Clouds – whole valleys-sides covered in berries ripe and ready for the picking, a steep rock-face with overgrown heather, a flock of black sheep running to be rounded up and sheared by the wind: water with its roots in the sky.
Rain – the drizzly seeds of droplets sown, the slanting sea-strewn westerlies which turn clothing into blotting paper, the aching storms which gravel into bones, making you shrink and cower.
Valleys – scooped and scoured out by laws, people cleared away like shanty-dwellers bossed by bulldozers, memories left to night-writers, to bells tolled by feeding streams and rivers, to drought and dereliction exposed.
Reservoirs – acid funnels of the conifers press down soil to stop it slipping; to trippers they seem like mirrors, but they balance water on scales tapping mountains for its wealth.
Pipelines – over the border, moving like a train with trucks of coal, like iron and steel liquid and molten, like the feet of all those who had to leave muttering ‘Money, money…’ forced against the gradient, longing for sea.

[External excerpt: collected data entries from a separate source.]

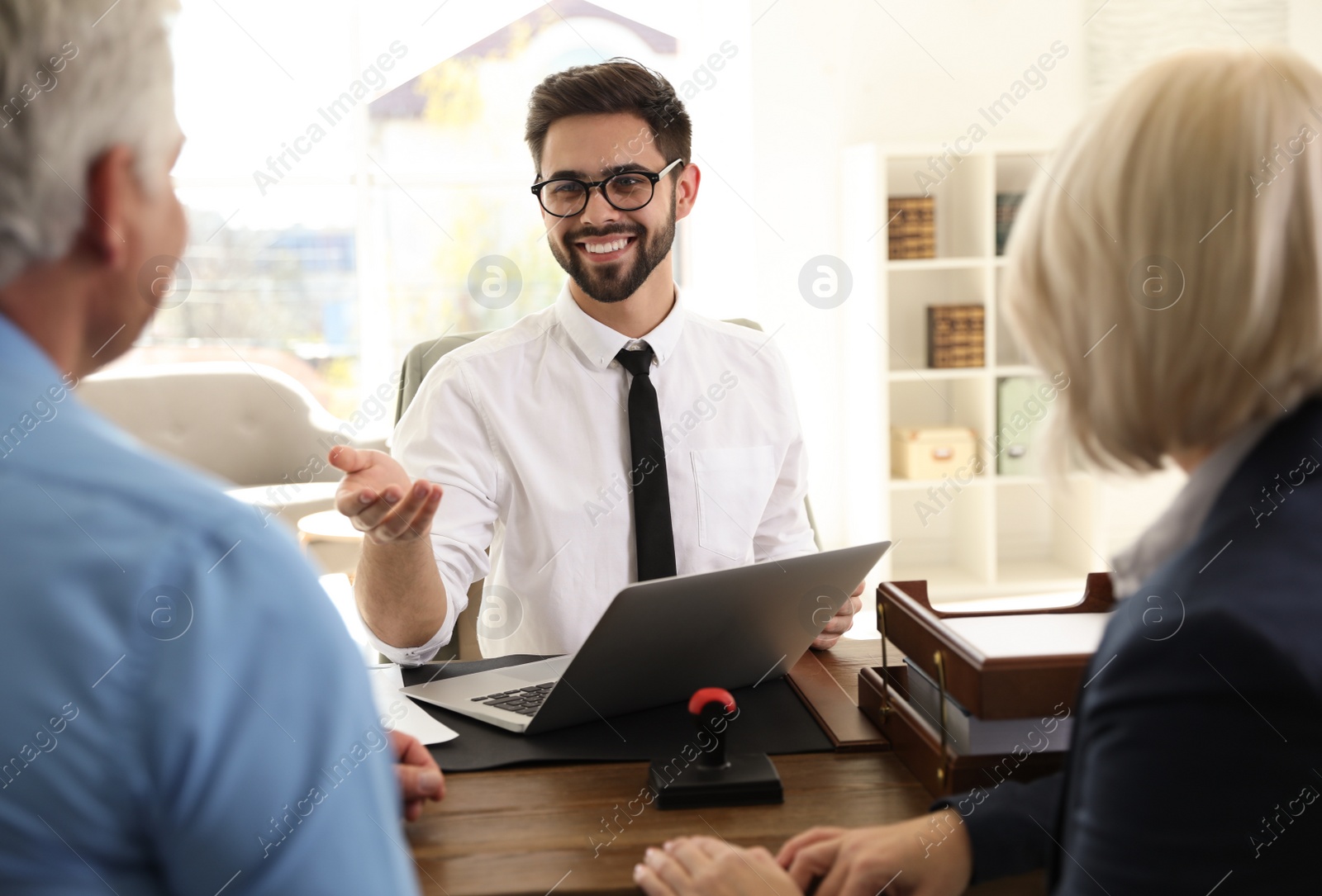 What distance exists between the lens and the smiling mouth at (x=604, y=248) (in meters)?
2.02

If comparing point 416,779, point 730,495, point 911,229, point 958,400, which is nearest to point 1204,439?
point 416,779

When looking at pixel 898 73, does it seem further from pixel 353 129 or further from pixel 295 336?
pixel 295 336

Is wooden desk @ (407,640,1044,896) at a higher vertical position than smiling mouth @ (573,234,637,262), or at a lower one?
lower

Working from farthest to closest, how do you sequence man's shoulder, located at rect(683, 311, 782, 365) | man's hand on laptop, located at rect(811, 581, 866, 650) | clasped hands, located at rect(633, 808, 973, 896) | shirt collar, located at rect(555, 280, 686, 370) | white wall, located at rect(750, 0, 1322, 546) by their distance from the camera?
white wall, located at rect(750, 0, 1322, 546), man's shoulder, located at rect(683, 311, 782, 365), shirt collar, located at rect(555, 280, 686, 370), man's hand on laptop, located at rect(811, 581, 866, 650), clasped hands, located at rect(633, 808, 973, 896)

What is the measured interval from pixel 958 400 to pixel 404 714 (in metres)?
4.06

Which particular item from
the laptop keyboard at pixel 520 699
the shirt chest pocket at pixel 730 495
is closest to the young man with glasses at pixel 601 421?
the shirt chest pocket at pixel 730 495

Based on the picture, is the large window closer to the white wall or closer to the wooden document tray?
the white wall

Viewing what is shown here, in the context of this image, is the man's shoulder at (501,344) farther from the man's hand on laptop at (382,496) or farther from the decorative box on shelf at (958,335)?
the decorative box on shelf at (958,335)

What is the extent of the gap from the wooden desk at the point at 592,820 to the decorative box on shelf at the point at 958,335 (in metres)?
3.73

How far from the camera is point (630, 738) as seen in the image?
1170mm

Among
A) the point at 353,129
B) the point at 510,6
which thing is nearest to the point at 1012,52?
the point at 510,6

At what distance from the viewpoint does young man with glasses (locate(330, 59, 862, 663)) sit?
1.91 metres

Chemicals – a layer of aluminium the surface sheen, the weight of lead its depths and those substances meant to purify unseen in a clear glass, lurking like radiation.

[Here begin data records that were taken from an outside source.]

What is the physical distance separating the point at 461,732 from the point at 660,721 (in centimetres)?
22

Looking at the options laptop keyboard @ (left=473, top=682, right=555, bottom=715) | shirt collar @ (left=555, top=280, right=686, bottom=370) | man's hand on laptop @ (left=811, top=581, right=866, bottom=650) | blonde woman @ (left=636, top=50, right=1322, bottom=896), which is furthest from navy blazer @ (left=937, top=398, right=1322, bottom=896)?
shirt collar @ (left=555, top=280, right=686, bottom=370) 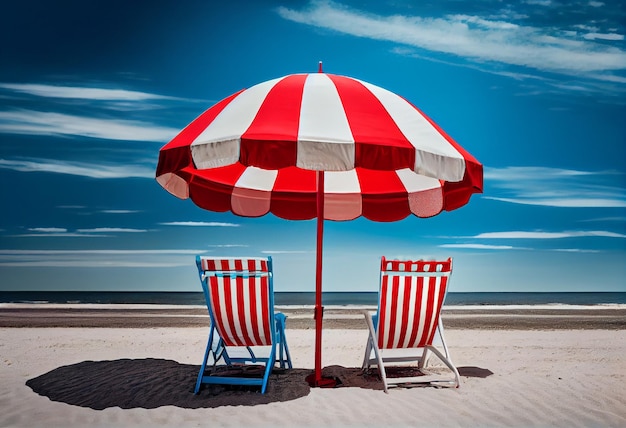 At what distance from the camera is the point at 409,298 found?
14.3 feet

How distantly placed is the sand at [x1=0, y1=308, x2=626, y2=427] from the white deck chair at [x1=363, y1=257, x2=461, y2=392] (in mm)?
365

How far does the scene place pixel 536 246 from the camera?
43.2 metres

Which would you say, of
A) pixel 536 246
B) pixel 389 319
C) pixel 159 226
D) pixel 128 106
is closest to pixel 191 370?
pixel 389 319

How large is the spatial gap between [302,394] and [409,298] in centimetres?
116

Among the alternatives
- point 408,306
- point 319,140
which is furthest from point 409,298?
point 319,140

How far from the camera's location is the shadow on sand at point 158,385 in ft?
13.2

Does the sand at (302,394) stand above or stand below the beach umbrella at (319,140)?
below

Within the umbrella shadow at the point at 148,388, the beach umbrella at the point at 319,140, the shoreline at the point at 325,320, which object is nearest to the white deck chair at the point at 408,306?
the beach umbrella at the point at 319,140

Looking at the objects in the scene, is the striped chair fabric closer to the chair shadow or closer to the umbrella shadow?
the umbrella shadow

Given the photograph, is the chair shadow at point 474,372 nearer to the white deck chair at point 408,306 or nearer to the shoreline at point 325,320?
the white deck chair at point 408,306

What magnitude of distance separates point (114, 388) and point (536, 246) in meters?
43.6

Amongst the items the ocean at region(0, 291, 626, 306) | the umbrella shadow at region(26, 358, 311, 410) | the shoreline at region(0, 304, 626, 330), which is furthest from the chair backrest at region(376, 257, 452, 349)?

Houses – the old person whose grasp of time runs through knotted fingers and down the drain, children whose minds become stagnant; families knowing when it’s cut off water’s precious as air when they choke on the stench of their own cack, as germs breed with cockroaches and rats.
Dŵr – they’ve stolen the word, those safe-lock faces, mispronounced it ‘Door’, reinforced and vaulted below reservoirs where they’ve counted profits from broken bones of village walls, from a thirst which opens mouths in fledging questions to the clouds.
By Mike Jenkins from This Houses, My Ghetto
Additional information: Dŵr is the Welsh word for water. The line referring to it being mispronounced as ‘door’ regards a common mistake people make when first learning how to say it if unfamiliar with Welsh pronunciation. the elongated ‘oo’ sound of dŵr is ‘oohr’ not ‘or’. To approximate the pronunciation think of the word sounding like ‘dew-er’ but don’t stress the second syllable so it becomes ‘dewr’.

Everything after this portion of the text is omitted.